Question

Earlier in the class we discussed how a Meet in the Middle attack made double-DES (encrypting something twice in a row with two separate keys of DES) not nearly as secure as we might think. This came at the cost of storing many possible decryptions in a table. For this question I want you to calculate how much storage space it would take to store the information necessary to do a meet in the middle attack on double-AES (of 128 bits). State any assumptions you have to make. This storage size should be in gigabytes. This might be a large number.

Answer 1

Question:-

Earlier in the class we discussed how a Meet in the Middle attack made double-DES (encrypting something twice in a row with two separate keys of DES) not nearly as secure as we might think. This came at the cost of storing many possible decryptions in a table. For this question I want you to calculate how much storage space it would take to store the information necessary to do a meet in the middle attack on double-AES (of 128 bits). State any assumptions you have to make. This storage size should be in gigabytes.
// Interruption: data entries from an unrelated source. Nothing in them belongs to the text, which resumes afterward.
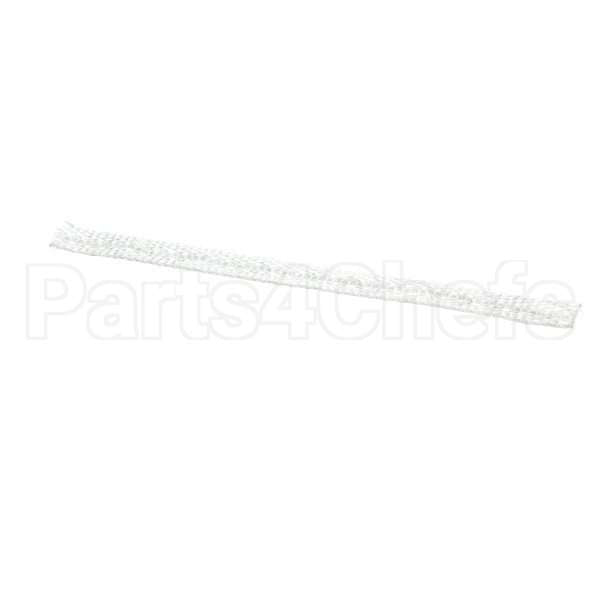 1P-72602-38 Compatible Lang Tape-Fiberglass 1X1/16Tk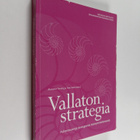 Vallaton strategia - pikkukuva 1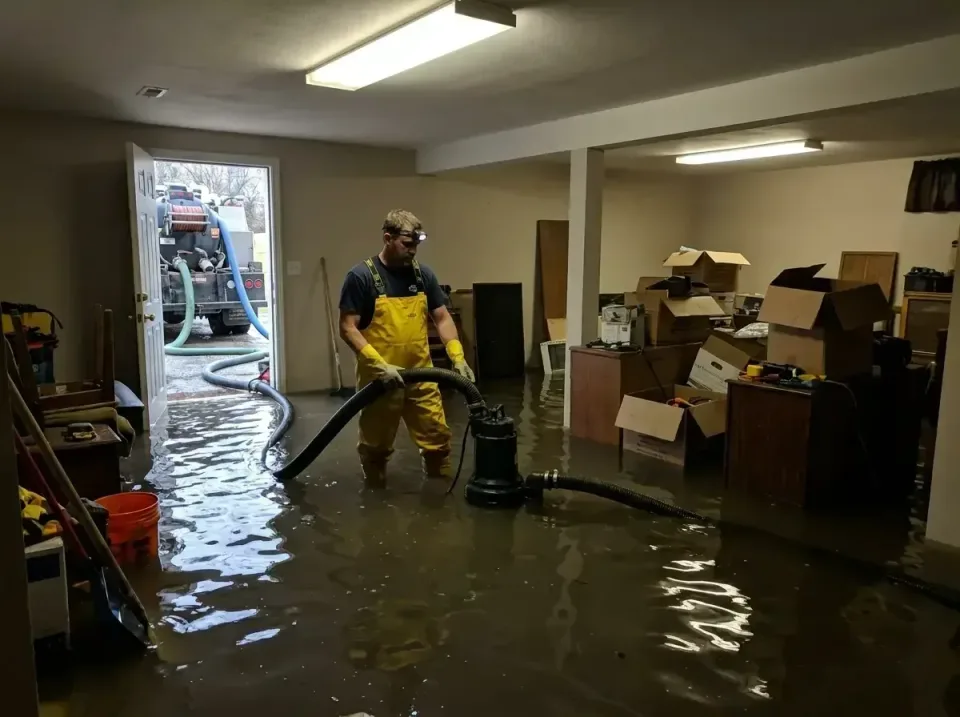 basement-burst-pipe-flooding-a-001 — frequently asked questions, 24-Hour Water Damage Restoration Services in Exeter, CA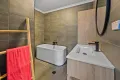 Property photo of 7A The Crescent North Mackay QLD 4740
This might be a large number.

Answer:-

• The DES key given is 128 bits, in which every eighth bit is parity check, so overall 16 bits is for parity check remaining 112 bit key is for DES.
• The size of the key space which is nothing but storage space is 2^{112} and for double DES, intuitively double the key space is required which is nothing but 2 × 2^{112} = 2^{113} bits.
• This we have to convert into gigabyte.
• Approximately, 1 gigabyte = 8000000000 bits.

To convert 2^{113} bits to gigabyte we need to divide 2^{113} /8000000000. This will give you the answer in gigabyte which is ofcourse a large number.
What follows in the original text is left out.